Web page caption snippets
◇ ◇ ◇ ◇ ◇
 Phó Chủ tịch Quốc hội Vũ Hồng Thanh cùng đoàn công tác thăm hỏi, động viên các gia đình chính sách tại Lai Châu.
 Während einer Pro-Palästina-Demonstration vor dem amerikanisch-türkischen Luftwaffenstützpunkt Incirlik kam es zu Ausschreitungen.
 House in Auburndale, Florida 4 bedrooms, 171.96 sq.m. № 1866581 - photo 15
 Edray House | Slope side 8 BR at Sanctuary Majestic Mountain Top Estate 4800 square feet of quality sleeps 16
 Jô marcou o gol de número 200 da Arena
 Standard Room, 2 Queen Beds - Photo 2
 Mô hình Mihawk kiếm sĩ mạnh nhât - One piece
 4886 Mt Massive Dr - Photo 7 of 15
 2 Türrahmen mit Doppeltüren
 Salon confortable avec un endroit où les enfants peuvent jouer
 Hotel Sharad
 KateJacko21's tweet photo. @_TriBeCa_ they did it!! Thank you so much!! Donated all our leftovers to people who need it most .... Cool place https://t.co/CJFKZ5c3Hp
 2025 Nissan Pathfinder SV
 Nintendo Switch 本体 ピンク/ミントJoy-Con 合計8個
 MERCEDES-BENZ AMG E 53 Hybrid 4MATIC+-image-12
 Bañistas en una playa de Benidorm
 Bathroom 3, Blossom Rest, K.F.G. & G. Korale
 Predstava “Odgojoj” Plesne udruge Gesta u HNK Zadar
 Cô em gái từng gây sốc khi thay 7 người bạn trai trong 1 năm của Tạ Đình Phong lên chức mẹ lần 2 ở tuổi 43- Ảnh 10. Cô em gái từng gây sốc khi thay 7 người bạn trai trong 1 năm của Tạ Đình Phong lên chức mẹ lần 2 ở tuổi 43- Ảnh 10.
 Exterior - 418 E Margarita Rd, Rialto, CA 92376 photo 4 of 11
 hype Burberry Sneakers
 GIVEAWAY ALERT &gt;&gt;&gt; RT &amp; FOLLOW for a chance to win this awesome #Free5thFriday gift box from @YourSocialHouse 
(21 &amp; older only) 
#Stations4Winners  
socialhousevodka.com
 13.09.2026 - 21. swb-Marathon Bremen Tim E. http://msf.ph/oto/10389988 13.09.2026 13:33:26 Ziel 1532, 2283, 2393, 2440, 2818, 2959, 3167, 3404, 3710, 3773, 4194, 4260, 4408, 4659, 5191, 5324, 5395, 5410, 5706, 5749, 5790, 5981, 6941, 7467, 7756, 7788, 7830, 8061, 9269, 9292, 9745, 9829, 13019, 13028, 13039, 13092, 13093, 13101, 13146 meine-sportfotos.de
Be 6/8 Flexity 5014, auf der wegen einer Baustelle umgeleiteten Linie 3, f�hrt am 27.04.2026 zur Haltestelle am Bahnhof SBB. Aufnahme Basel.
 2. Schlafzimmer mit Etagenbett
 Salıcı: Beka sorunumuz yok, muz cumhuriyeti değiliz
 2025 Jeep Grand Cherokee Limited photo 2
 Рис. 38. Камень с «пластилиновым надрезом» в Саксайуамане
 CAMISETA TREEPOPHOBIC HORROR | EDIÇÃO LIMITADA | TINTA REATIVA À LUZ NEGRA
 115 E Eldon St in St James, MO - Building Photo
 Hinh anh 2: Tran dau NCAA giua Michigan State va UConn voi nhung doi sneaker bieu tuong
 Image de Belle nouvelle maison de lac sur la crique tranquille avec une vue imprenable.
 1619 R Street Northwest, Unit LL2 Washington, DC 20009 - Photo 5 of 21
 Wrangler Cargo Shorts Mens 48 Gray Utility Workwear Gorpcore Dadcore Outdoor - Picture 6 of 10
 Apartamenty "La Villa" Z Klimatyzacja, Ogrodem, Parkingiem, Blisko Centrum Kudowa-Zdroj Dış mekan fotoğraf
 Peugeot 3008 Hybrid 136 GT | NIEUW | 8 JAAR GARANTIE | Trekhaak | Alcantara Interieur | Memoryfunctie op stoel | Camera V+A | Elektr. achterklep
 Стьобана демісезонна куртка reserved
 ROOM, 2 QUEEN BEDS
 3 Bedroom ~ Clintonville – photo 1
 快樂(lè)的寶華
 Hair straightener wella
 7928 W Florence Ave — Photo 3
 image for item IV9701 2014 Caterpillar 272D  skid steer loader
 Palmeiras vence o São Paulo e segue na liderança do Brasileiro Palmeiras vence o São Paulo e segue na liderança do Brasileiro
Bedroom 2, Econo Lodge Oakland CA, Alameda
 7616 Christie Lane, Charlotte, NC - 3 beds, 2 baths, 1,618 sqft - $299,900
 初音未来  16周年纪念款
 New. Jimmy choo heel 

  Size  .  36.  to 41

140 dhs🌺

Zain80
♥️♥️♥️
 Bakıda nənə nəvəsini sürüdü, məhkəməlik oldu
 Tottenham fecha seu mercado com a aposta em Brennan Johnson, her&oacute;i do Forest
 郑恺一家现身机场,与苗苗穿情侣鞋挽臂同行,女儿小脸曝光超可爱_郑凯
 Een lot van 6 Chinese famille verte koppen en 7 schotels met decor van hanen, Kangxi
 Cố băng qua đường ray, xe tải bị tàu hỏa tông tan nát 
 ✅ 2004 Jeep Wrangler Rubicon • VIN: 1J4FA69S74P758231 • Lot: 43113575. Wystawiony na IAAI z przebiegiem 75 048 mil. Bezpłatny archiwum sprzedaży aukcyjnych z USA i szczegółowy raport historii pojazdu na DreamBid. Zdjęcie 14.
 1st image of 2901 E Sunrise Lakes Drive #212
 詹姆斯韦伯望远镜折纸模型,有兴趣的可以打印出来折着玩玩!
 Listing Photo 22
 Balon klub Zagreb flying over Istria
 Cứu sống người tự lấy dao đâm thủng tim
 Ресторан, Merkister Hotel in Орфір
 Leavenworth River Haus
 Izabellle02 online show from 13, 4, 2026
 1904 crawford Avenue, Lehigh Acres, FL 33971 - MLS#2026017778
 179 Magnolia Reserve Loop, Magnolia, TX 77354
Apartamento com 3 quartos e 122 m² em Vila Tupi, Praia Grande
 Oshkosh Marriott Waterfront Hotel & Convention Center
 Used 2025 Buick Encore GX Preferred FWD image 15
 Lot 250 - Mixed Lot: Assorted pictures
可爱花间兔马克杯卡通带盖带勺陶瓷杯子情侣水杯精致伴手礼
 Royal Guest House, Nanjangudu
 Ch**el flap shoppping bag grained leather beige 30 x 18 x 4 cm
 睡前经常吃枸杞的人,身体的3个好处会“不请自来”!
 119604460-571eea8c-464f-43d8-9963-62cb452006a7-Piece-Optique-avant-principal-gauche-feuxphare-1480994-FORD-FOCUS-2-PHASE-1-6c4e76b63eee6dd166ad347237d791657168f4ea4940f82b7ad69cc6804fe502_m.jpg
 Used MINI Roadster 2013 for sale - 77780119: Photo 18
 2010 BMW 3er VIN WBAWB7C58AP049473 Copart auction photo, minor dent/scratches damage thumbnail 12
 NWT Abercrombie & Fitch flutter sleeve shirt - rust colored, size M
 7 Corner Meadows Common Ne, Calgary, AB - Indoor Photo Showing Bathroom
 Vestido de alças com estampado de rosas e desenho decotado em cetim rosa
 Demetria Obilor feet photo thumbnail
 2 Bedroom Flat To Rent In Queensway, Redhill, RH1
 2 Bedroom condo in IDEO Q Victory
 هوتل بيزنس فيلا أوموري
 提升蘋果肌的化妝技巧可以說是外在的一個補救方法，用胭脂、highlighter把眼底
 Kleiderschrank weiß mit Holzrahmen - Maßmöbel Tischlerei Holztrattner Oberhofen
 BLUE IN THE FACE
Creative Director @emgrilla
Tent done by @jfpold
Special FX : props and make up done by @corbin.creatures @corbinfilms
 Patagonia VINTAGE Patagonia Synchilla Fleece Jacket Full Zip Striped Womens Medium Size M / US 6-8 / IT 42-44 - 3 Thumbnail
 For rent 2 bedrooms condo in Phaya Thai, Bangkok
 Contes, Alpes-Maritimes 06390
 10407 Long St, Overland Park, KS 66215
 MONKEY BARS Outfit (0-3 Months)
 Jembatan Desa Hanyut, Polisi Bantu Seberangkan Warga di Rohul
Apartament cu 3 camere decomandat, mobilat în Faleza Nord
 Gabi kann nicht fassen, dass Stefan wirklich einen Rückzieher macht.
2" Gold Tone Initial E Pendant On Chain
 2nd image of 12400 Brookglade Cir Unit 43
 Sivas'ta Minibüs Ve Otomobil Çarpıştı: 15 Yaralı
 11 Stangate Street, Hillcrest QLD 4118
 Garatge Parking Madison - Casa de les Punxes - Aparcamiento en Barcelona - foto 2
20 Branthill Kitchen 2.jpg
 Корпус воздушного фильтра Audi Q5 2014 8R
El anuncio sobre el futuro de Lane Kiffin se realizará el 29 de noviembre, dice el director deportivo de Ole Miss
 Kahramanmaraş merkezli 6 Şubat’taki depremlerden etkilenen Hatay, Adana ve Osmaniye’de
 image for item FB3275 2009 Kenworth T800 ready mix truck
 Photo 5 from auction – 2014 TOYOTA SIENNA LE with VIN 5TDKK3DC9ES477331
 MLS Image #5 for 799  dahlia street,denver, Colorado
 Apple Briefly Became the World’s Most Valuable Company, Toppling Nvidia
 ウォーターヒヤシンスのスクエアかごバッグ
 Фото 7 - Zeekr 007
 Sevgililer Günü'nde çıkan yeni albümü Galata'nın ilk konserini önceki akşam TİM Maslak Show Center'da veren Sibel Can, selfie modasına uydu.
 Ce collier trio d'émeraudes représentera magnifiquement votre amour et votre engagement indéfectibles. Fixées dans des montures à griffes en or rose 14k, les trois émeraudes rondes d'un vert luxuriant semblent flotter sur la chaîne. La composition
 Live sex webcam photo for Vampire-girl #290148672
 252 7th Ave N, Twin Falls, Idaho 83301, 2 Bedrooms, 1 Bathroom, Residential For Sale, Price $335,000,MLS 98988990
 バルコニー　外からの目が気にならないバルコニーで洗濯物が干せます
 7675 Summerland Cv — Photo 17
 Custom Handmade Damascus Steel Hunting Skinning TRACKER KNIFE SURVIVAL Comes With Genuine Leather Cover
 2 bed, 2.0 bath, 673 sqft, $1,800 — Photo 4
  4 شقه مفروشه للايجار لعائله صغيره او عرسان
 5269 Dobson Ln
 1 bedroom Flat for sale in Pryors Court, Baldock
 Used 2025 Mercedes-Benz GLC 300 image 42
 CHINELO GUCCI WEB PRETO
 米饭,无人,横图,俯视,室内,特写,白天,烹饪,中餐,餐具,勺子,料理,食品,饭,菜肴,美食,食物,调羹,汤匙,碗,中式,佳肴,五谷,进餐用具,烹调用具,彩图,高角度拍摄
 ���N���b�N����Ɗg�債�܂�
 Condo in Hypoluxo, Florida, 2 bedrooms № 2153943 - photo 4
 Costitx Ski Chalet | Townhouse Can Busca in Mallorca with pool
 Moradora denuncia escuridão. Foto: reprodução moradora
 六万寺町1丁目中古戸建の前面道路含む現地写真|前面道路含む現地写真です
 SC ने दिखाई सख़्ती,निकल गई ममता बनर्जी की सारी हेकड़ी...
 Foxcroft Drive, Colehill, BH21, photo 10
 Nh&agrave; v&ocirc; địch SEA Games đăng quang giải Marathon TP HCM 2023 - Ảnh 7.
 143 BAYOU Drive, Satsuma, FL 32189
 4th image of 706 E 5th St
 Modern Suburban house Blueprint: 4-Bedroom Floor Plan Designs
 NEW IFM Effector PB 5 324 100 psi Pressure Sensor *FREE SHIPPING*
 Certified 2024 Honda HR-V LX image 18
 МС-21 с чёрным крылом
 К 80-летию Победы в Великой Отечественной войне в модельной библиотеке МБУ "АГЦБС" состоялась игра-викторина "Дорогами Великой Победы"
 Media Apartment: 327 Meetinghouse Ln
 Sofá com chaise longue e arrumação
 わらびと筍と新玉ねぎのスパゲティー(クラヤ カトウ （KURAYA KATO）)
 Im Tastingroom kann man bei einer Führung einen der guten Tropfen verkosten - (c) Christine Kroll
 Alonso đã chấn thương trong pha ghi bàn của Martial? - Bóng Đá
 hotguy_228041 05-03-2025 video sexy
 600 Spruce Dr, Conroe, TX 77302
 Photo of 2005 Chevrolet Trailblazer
◇ ◇ ◇ ◇ ◇
## Your task
Reproduce the lines above, beginning at the line with "六万寺町1丁目中古戸建の前面道路含む現地写真|前面道路含む現地写真です" and stopping after the line with "NEW IFM Effector", exactly as they are.

## Task output
 六万寺町1丁目中古戸建の前面道路含む現地写真|前面道路含む現地写真です
 SC ने दिखाई सख़्ती,निकल गई ममता बनर्जी की सारी हेकड़ी...
 Foxcroft Drive, Colehill, BH21, photo 10
 Nh&agrave; v&ocirc; địch SEA Games đăng quang giải Marathon TP HCM 2023 - Ảnh 7.
 143 BAYOU Drive, Satsuma, FL 32189
 4th image of 706 E 5th St
 Modern Suburban house Blueprint: 4-Bedroom Floor Plan Designs
 NEW IFM Effector PB 5 324 100 psi Pressure Sensor *FREE SHIPPING*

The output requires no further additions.